• What you are asked to do
The records below need to be set down again exactly; their images stay out.

** Exercise data follows **

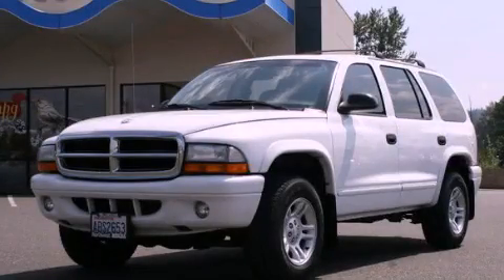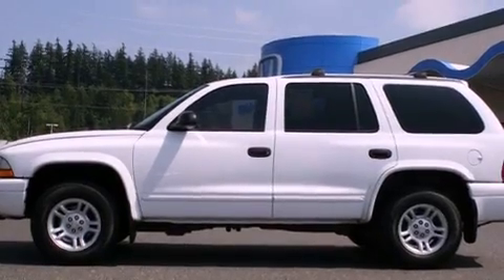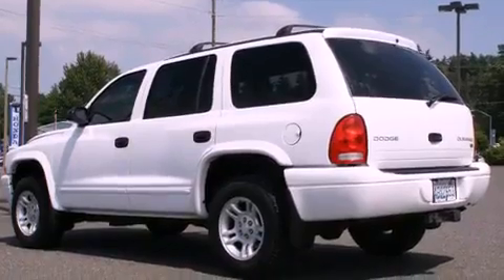This is a 2003 Dodge Durango, a vehicle with safety, comfort, and space. It has a 4.7-liter eight-cylinder engine, automatic transmission, and four-wheel drive.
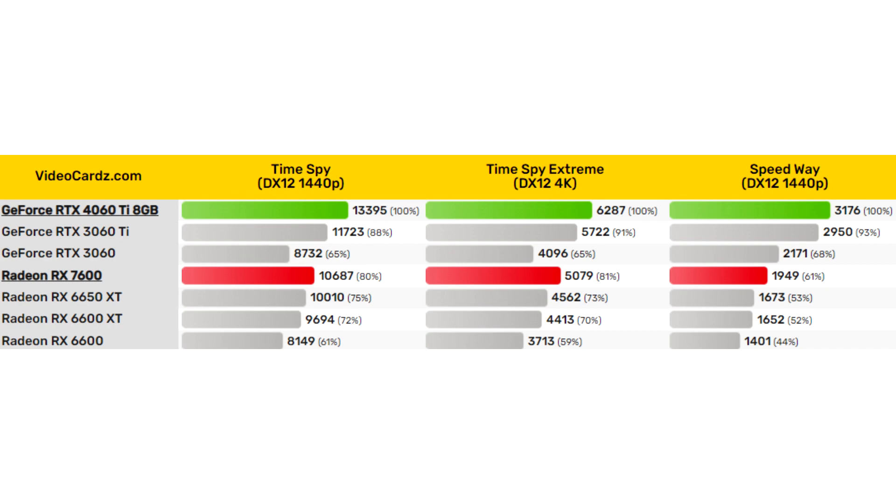AMD Radeon RX 7600 and NVIDIA GeForce RTX 4060 Ti tested in 3DMark. As you know, the 3DMark test application is not always exactly the tool that reflects the actual gaming performance of video cards. However, thanks to this benchmark, you can get an indirect idea of the gaming capabilities of video cards by comparing the test results with other video accelerators from competitors and models of the previous generation.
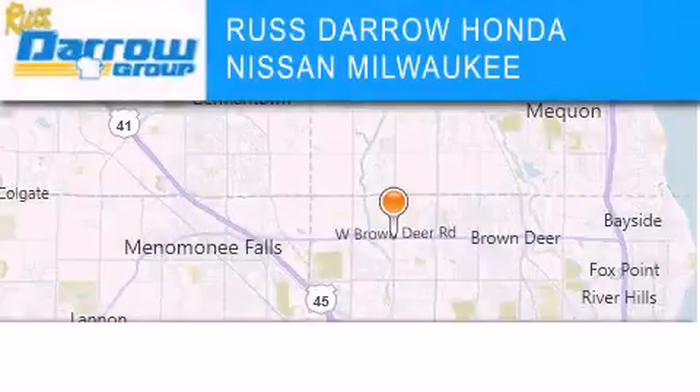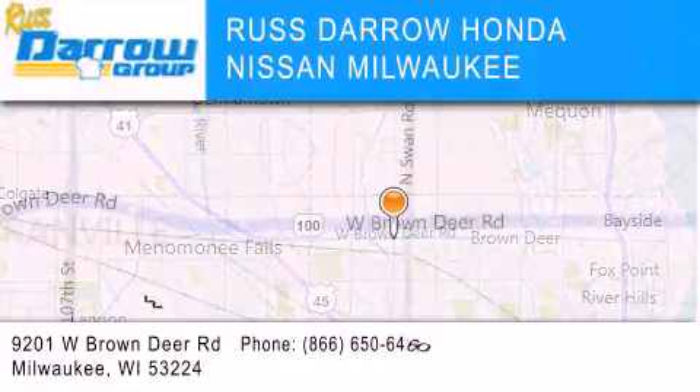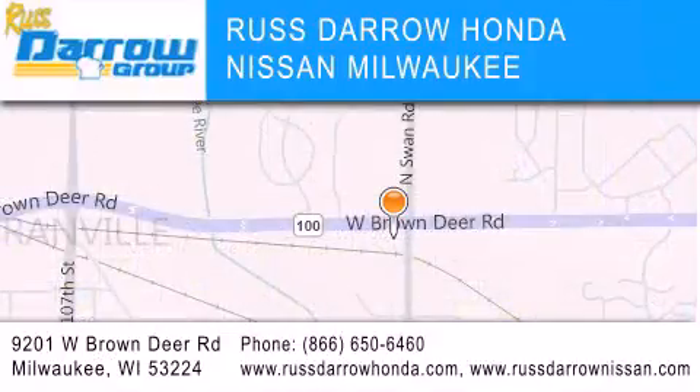Russ Darrow Honda Nissan Milwaukee is located at 9201 West Brown Deer Road in Milwaukee. Our goal is to exceed all of your expectations to ensure that you'll return for future visits. Experience the Darrow difference. Russ Darrow!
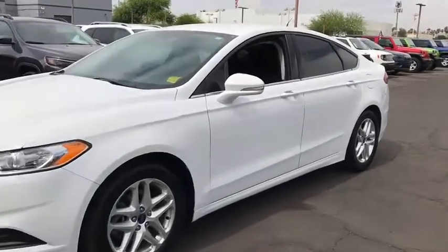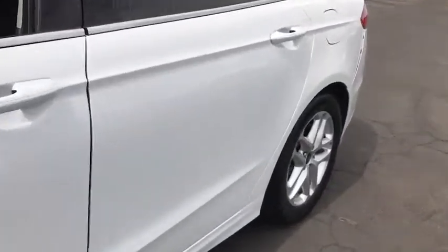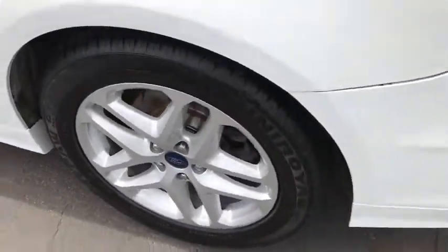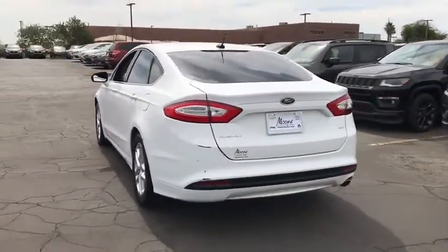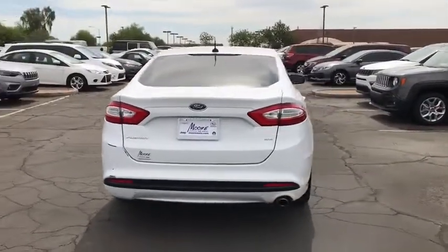The 2014 Ford Fusion. You can have both impressive power and great economy in a Fusion. This vehicle has less than 90,000 miles. Here are some of this vehicle's great options.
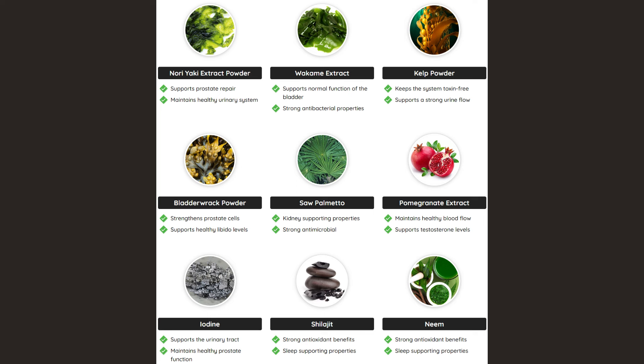Inside Prostadine you will find: Saw Palmetto extract, which supports prostate health and helps manage symptoms of benign prostatic hyperplasia (BPH). Beta-sitosterol, which promotes urinary health and assists in reducing inflammation of the prostate. Zinc, essential for prostate function and immune support. Pygeum africanum bark extract, known for anti-inflammatory properties, aiding in prostate health. Pumpkin seed extract, rich in antioxidants and supports overall prostate well-being.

** End of Exercise data **

• Task response
This is a 2003 Dodge Durango, a vehicle with safety, comfort, and space. It has a 4.7-liter eight-cylinder engine, automatic transmission, and four-wheel drive.
AMD Radeon RX 7600 and NVIDIA GeForce RTX 4060 Ti tested in 3DMark. As you know, the 3DMark test application is not always exactly the tool that reflects the actual gaming performance of video cards. However, thanks to this benchmark, you can get an indirect idea of the gaming capabilities of video cards by comparing the test results with other video accelerators from competitors and models of the previous generation.
Russ Darrow Honda Nissan Milwaukee is located at 9201 West Brown Deer Road in Milwaukee. Our goal is to exceed all of your expectations to ensure that you'll return for future visits. Experience the Darrow difference. Russ Darrow!
The 2014 Ford Fusion. You can have both impressive power and great economy in a Fusion. This vehicle has less than 90,000 miles. Here are some of this vehicle's great options.
Inside Prostadine you will find: Saw Palmetto extract, which supports prostate health and helps manage symptoms of benign prostatic hyperplasia (BPH). Beta-sitosterol, which promotes urinary health and assists in reducing inflammation of the prostate. Zinc, essential for prostate function and immune support. Pygeum africanum bark extract, known for anti-inflammatory properties, aiding in prostate health. Pumpkin seed extract, rich in antioxidants and supports overall prostate well-being.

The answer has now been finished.